*** Dataset content Section Begins ***
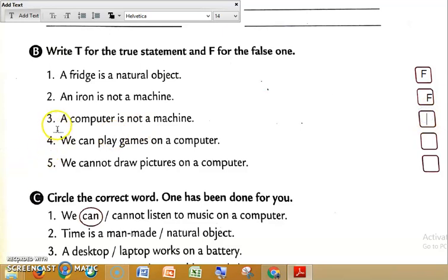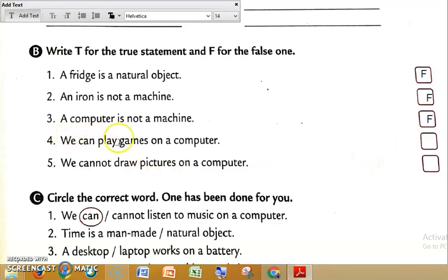Then see the third one: 'A computer is not a machine.' Computer is a machine — smart machine hai, usme hum bahut saara kaam ek saath kar sakte hain. Right now I am teaching you from the computer. So computer is a machine, but the sentence says it is not — so this is false, we write F. See the fourth one: 'We can play games on a computer.' This is a true statement — so we write T. See the last one: 'We cannot draw pictures on a computer.' Yeh galat sentence hai — hum computer mein pictures draw kar sakte hain. So this is wrong, we write F.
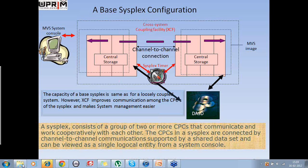We were talking about the sysplex configuration. Way back in 1990, IBM introduced MVS System Complex, which was also called sysplex. The sysplex is similar to a loosely coupled configuration in that it consists of two or more CPCs that can share data and work together.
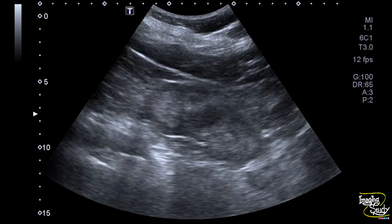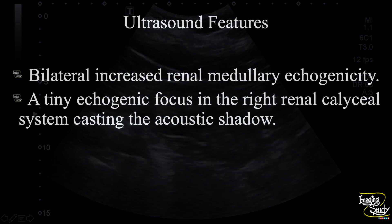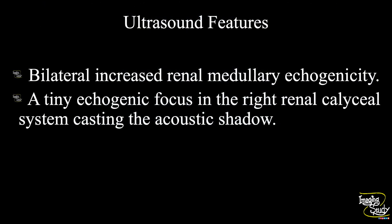Here is the left kidney and you can also see the increased echogenicity of the medulla. The posterior aspect shows faint acoustic shadows. In summary, bilateral renal medullary echogenicity is increased indicating medullary nephrocalcinosis. A tiny echogenic focus is noted in the right renal caliceal system casting faint acoustic shadow, indicating a tiny calculus.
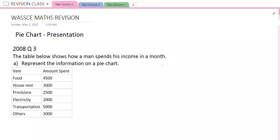Hello there, my name is Olada O and I welcome you to the Global Tutor Virtual Class. In my last video class, I started a series on WAEC revision, and in that class I taught on how you can interpret a pie chart. In today's video class, I want to look at how you can present information on a pie chart.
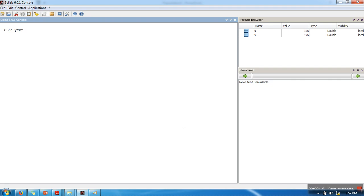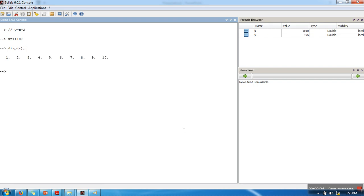So I want to plot it. For this plotting we need values of x and values of y. For x, I'm using a simple colon operator. Let's see what is the value of x.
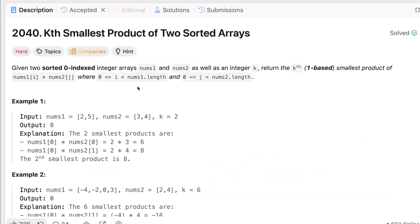We are going to tackle a very important problem: LeetCode problem 2040, titled 'Find the Kth Smallest Product of Two Sorted Arrays.' It is a very interesting problem that combines binary search and smart counting tricks. Let's break it down with an example and run the code.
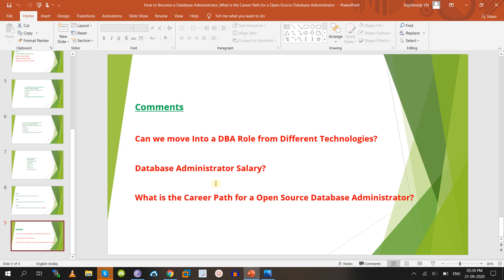In real time, nobody checks which database technology you worked on in your previous company — they just check whether you have work experience. They won't ask whether you worked in database admin, testing, or development. If you have five years of experience and prepare well on database responsibilities like backup, restore, and point-of-recovery, you can get a job very easily.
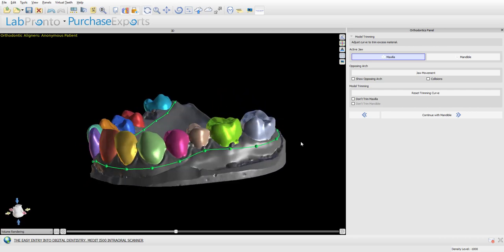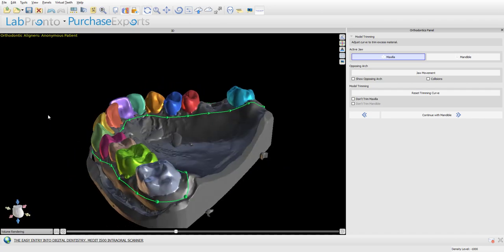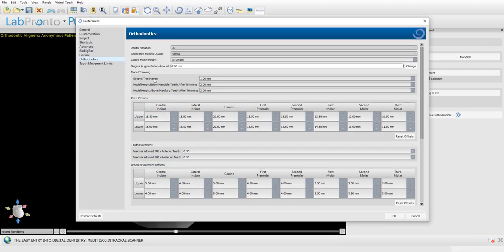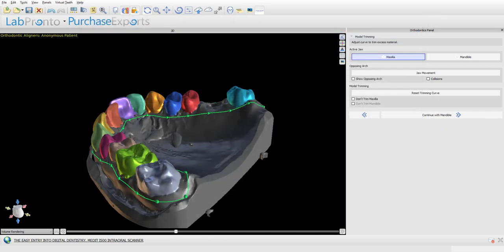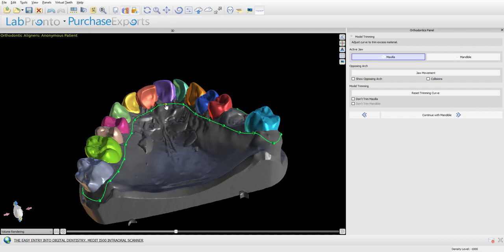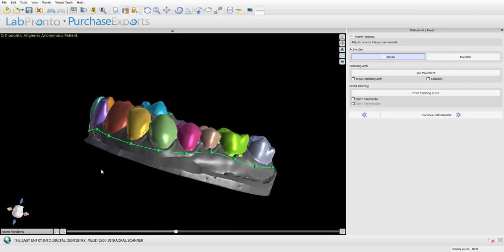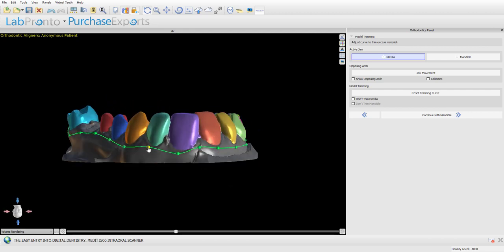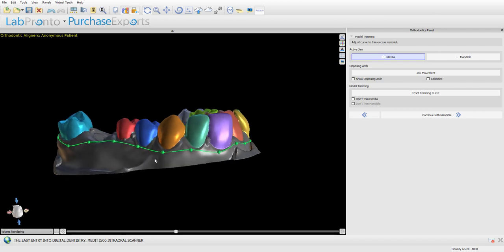We can review the curve and modify it if needed. The gingiva trim margin setting plus the model height below the mandible or maxilla after trimming together give us our total model height below the gingiva curve. With these settings we'll have three millimeters of model below the gingiva curve. If you want the model as thin as possible, reduce both settings to one millimeter each for two millimeters total below the gingiva margin. The closer the curve is to the gingiva margin, the more fine-tuning it may need.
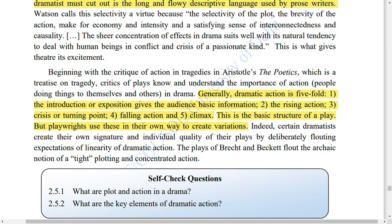The Rising Action sets the plot in motion — what is happening in real life and in the characters' minds. Then comes the Crisis or Turning Point, when a major event such as a death occurs and everything changes.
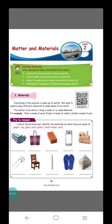Everything in the universe is made up of matter. We need to explore many different materials to make sense of our world. The matter from which a thing is made of is called material.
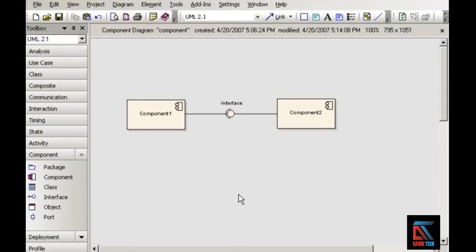In this set of movies, we'll discuss component diagrams, which provide a physical view of your system.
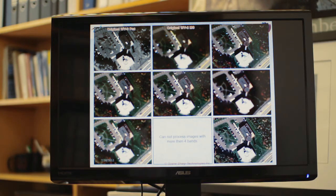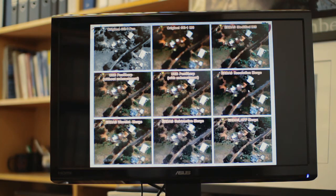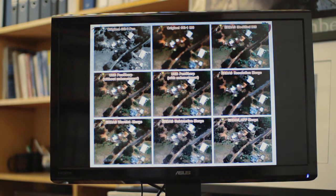The third problem is inconsistency. Some image fusion methods can produce good results for some satellite images — here you can see this is a good result. But when we switch to another satellite image using the same fusion method, you see the color change, so it's inconsistent. And sometimes, even with certain images, it doesn't produce any result at all. Those are the major problems the current fusion methods have.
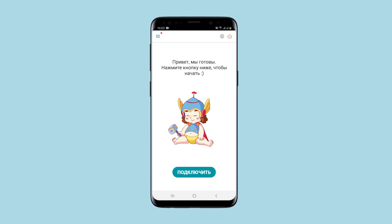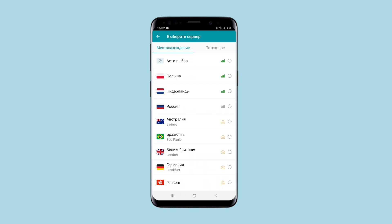The app has a nice interface and Young Thaw, the god of thunder, greets you as soon as you launch the application. You can immediately click connect and the application will automatically connect you to the first available server. There is an auto selection option which allows you to select the optimal server closest to you.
*** Dataset content Section Ends ***
▸ **Action item**
What is needed is an exact copy of all the records, minus any pictures.

▸ **Your response**
Then see the third one: 'A computer is not a machine.' Computer is a machine — smart machine hai, usme hum bahut saara kaam ek saath kar sakte hain. Right now I am teaching you from the computer. So computer is a machine, but the sentence says it is not — so this is false, we write F. See the fourth one: 'We can play games on a computer.' This is a true statement — so we write T. See the last one: 'We cannot draw pictures on a computer.' Yeh galat sentence hai — hum computer mein pictures draw kar sakte hain. So this is wrong, we write F.
We were talking about the sysplex configuration. Way back in 1990, IBM introduced MVS System Complex, which was also called sysplex. The sysplex is similar to a loosely coupled configuration in that it consists of two or more CPCs that can share data and work together.
Here is the left kidney and you can also see the increased echogenicity of the medulla. The posterior aspect shows faint acoustic shadows. In summary, bilateral renal medullary echogenicity is increased indicating medullary nephrocalcinosis. A tiny echogenic focus is noted in the right renal caliceal system casting faint acoustic shadow, indicating a tiny calculus.
Hello there, my name is Olada O and I welcome you to the Global Tutor Virtual Class. In my last video class, I started a series on WAEC revision, and in that class I taught on how you can interpret a pie chart. In today's video class, I want to look at how you can present information on a pie chart.
So I want to plot it. For this plotting we need values of x and values of y. For x, I'm using a simple colon operator. Let's see what is the value of x.
We are going to tackle a very important problem: LeetCode problem 2040, titled 'Find the Kth Smallest Product of Two Sorted Arrays.' It is a very interesting problem that combines binary search and smart counting tricks. Let's break it down with an example and run the code.
In real time, nobody checks which database technology you worked on in your previous company — they just check whether you have work experience. They won't ask whether you worked in database admin, testing, or development. If you have five years of experience and prepare well on database responsibilities like backup, restore, and point-of-recovery, you can get a job very easily.
We can review the curve and modify it if needed. The gingiva trim margin setting plus the model height below the mandible or maxilla after trimming together give us our total model height below the gingiva curve. With these settings we'll have three millimeters of model below the gingiva curve. If you want the model as thin as possible, reduce both settings to one millimeter each for two millimeters total below the gingiva margin. The closer the curve is to the gingiva margin, the more fine-tuning it may need.
The Rising Action sets the plot in motion — what is happening in real life and in the characters' minds. Then comes the Crisis or Turning Point, when a major event such as a death occurs and everything changes.
Everything in the universe is made up of matter. We need to explore many different materials to make sense of our world. The matter from which a thing is made of is called material.
In this set of movies, we'll discuss component diagrams, which provide a physical view of your system.
The third problem is inconsistency. Some image fusion methods can produce good results for some satellite images — here you can see this is a good result. But when we switch to another satellite image using the same fusion method, you see the color change, so it's inconsistent. And sometimes, even with certain images, it doesn't produce any result at all. Those are the major problems the current fusion methods have.
The app has a nice interface and Young Thaw, the god of thunder, greets you as soon as you launch the application. You can immediately click connect and the application will automatically connect you to the first available server. There is an auto selection option which allows you to select the optimal server closest to you.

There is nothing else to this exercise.